Tuesday, January 31, 2006

The Real "Emily Rose" and Vodun Bunk

The Fatal Exorcism of Anneliese Michel

The Exorcism of Emily Rose is the fictionalized story of a German college student named Anneliese Michel. In the autumn of 1973, she was exhibiting strange behaviour at the University of Wurzberg (she was, like "Emily Rose", 19); lashing out, refusing to eat, throwing tantrums. She was epileptic, but Anneliese's parents consulted a priest instead of a doctor, and the priest recommended exorcism. The bishop reluctantly approved this decision, and two priests were assigned to perform the rite of exorcism on Annaliese - making this (as the trailer for Emily Rose blares) an official Catholic exorcism. The priest who first recommended exorcism, Adolf Rodewyk, was not part of the process, and the advice he gave in his 1963 book Possessed by Satan went unheeded: Clerics should look for medical explanations for "possession" before assuming the worst. Rodewyk's POV is commonly held by today's clerics, but proponents of possession and Hollywood producers insist on turning stories like Anneliese's into simplistic science-vs.-faith fairytales in which cold, ruthless rationalists undermine the beliefs of Everyman at the expense of both.

The exorcism of Anneliese didn't begin until official permission was granted, and went on for several months. It was 1976 and Anneliese was 23 before the process ended - with her death. She had refused to take (or had been denied) water and nourishment for so long that she wasted away to 70 pounds, and died without having seen a doctor.

The priests and her parents were charged with negligent homicide. The priests were found guilty in 1978, but were sentenced only to six month suspended prison sentences for allowing someone in their care to starve to death. To its credit, the German Bishops' Conference ruled that an exorcism could henceforth be performed only if a physician was present.

The symptoms of epilepsy are nearly identical to the "symptoms" of supposed demonic possession.

Audiotapes were made of Anneliese's exorcism.

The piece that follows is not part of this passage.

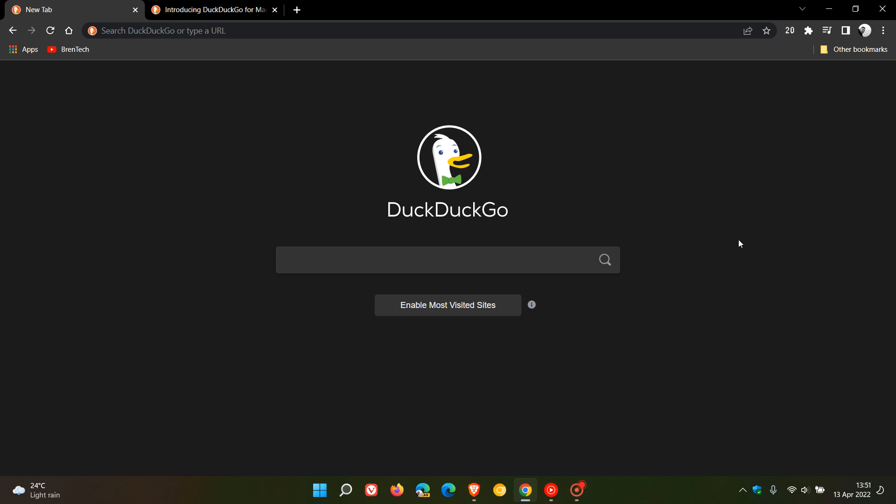Brent Tech here, where tech is made simple. I posted a video in December of last year about the DuckDuckGo web browser coming to the Windows desktop sometime this year in 2022. At the time of posting that video, as many of you know, the browser is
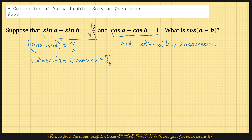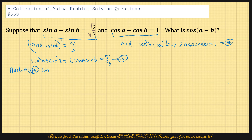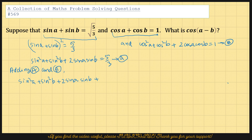So if we add them — if I call this a and this b, then if we add a and b — we would get sin squared a plus sin squared b plus 2 sin a sin b plus cos squared a plus cos squared b plus 2 cos a cos b equals 5 out of 3 plus 1.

In addition to the usual sounds of possession (growling, clicking, hissing), she spoke in the voices of the various spirits who inhabited her body: Hitler, Judas Iscariot, a murderous Jewish doctor, etc. The tapes are revealing. The accent used for Hitler differed dramatically from his real one, and none of the spirits revealed any knowledge that couldn't be gleaned from textbooks and the Bible. ("Cries of a Woman Possessed: German Court Hears Tapes in Exorcism Death Trial" by Michael Getler, Washington Post, April 21/78, available online here).

Other Sources:

How about Demons?: Possession and Exorcism in the Modern World by Felicitas D. Goodman (Indiana University Press, 1988)

The official The Exorcism of Emily Rose website (www.whathappenedtoemily.com)


The Skeleton Key and Vodun Bunk

Director Iaian Softley's film starring Kate Hudson, The Skeleton Key, is the latest in a looong tradition of films that capitalize on the evil uses of Vodun ("voodoo") magic. I Walked With a Zombie and Wes Craven's The Serpent and the Rainbow (based on a nonfiction book of the same name) are two notable others. In each of these films, the basic premise is Science & Reason vs. Magic & Belief. A skeptic wanders into a hotbed of Vodun activity thinking that magical spells and curses can't possibly harm anyone, and ends up menaced by sinister Vodun practitioners and/or a legion of diabolic supernatural forces. In the end, he/she is forced to admit that Vodun magic is real. The Skeleton Key isn't any different; in the trailer, Kate Hudson's character chants to herself, "It isn't real, it isn't real...", then changes her tune to, "It's all real."

Vodun magic is effective - when it involves the powerful drugs and altered states of consciousness employed by its priests. I don't believe that its practitioners are actually possessed by the loa. And I don't believe that most Voudon magic is practiced with malicious intent, as these movies would have us believe. As with other forms of magic, it's usually practiced with the aim of bringing luck and fortune to practitioners - not death and misery to their enemies. To imply that Lousiana Vodun magicians or Haitian priests are more evil, more duplicitous than the rest of civilization is patently racist, superstitious, and ignorant.